We have integral: $$\int_0^1\exp\left(n\left(\frac{itz}{\sqrt{a(1-a)n}}+a\ln(z)+(1-a)\ln(1-z)\right)\right)dz=\int_0^1\exp(nf(z))dz,$$ where $0<a<1$.
We want to approximate this integral when $n\rightarrow\infty$ by method of steepest descent. Why deforming $[0,1]$ to the contour through saddle point has the following expansion: $$z=a+\frac{it\sqrt{a(1-a)}}{\sqrt{n}}+O\left(\frac{1}{n}\right)?$$ I found saddle point $z_0=a$ from $\text{Re}'(f(z))=0$. I don't know what to do next? I can’t understand how they got it? I hope for your help!
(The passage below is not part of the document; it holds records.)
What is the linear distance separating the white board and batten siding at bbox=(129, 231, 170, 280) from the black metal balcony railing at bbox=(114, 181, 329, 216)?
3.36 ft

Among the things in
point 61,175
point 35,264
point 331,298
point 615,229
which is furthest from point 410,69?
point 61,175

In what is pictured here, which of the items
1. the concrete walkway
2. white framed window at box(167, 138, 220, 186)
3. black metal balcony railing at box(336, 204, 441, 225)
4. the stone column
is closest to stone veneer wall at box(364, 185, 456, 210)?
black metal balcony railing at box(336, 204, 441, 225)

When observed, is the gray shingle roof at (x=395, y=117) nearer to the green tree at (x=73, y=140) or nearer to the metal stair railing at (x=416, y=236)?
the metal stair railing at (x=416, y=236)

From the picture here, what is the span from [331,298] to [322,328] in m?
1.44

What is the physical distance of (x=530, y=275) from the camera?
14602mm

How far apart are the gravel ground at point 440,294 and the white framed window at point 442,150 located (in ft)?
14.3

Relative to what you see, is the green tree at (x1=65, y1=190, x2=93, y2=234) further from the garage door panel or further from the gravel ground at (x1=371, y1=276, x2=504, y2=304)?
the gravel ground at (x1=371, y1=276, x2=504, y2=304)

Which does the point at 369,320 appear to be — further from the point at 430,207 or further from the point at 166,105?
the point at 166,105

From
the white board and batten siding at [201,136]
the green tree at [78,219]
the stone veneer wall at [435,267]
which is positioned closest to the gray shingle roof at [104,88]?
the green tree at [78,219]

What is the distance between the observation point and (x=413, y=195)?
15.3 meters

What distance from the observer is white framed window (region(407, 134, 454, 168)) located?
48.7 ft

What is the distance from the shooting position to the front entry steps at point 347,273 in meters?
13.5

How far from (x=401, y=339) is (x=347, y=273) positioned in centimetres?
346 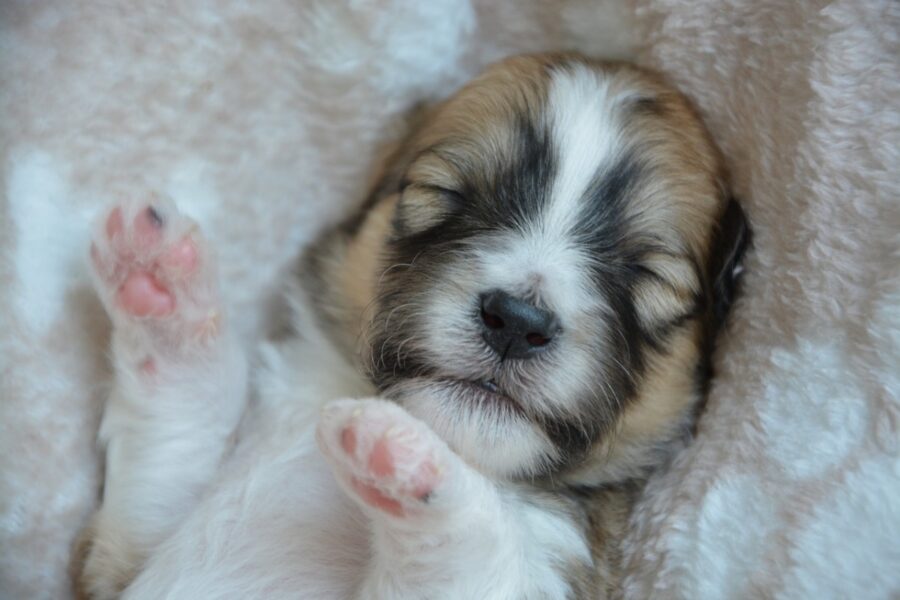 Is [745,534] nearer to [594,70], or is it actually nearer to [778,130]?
[778,130]

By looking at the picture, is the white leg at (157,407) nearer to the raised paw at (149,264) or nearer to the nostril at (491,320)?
the raised paw at (149,264)

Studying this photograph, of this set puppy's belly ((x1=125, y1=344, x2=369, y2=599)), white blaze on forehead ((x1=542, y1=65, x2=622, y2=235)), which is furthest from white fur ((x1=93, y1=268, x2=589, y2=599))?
white blaze on forehead ((x1=542, y1=65, x2=622, y2=235))

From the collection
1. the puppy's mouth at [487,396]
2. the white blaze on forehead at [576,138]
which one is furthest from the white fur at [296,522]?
the white blaze on forehead at [576,138]

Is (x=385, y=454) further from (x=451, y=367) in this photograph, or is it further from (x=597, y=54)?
(x=597, y=54)

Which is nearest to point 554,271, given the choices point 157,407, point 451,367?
point 451,367

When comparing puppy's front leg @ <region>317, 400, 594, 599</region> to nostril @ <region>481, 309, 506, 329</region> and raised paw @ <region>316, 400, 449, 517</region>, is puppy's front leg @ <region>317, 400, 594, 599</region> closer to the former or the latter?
raised paw @ <region>316, 400, 449, 517</region> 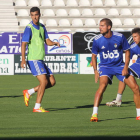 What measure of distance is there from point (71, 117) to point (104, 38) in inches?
63.6

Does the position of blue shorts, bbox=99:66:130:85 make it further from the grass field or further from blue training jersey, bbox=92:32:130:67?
the grass field

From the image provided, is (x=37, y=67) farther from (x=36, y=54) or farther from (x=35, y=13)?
(x=35, y=13)

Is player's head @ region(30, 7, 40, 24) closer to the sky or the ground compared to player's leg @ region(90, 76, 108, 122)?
closer to the sky

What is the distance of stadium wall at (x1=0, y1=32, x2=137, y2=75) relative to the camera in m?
25.2

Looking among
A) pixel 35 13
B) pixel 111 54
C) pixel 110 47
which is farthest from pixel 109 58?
pixel 35 13

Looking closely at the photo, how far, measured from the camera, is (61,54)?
25.5m

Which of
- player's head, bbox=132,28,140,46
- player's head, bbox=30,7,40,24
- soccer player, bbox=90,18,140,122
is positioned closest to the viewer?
soccer player, bbox=90,18,140,122

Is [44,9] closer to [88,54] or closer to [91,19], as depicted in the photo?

Thank you!
my advice would be to try rewriting your integral as $$ I = \int_0^1 z^{an}(1-z)^{n(1-a)} \exp\left({\sqrt{n}xiz}\right) dz, $$ where $x(t,a):=\frac{t}{\sqrt{a(1-a)}}.$
Then there are no stationary points, but you have a simple linear phase, so steepest descent can be applied easily by deforming onto the vertical contours Re(z)=0 and Re(z)=1, like so $$ I = i\int_0^\infty (ip/x)^{an}(1-p/x)^{n(1-a)} \exp\left(-np\right) dp -ie^{\sqrt{n}xi}\int_0^\infty (1+ip/x)^{an}(p/x)^{n(1-a)} \exp\left(-np\right) dp $$ where the first and second integral correspond to the integral up Re(z)=0 and down Re(z)=1 respectively.
At this point, you could binomially expand the (1-p/x)^{n(1-a)} and (1+ip/x)^{an} terms, aiming for an asymptotic expansion of the integrand which holds for $p\to0$. Once you've done this, apply Watson's Lemma to both integrals.
I hope this helps :-)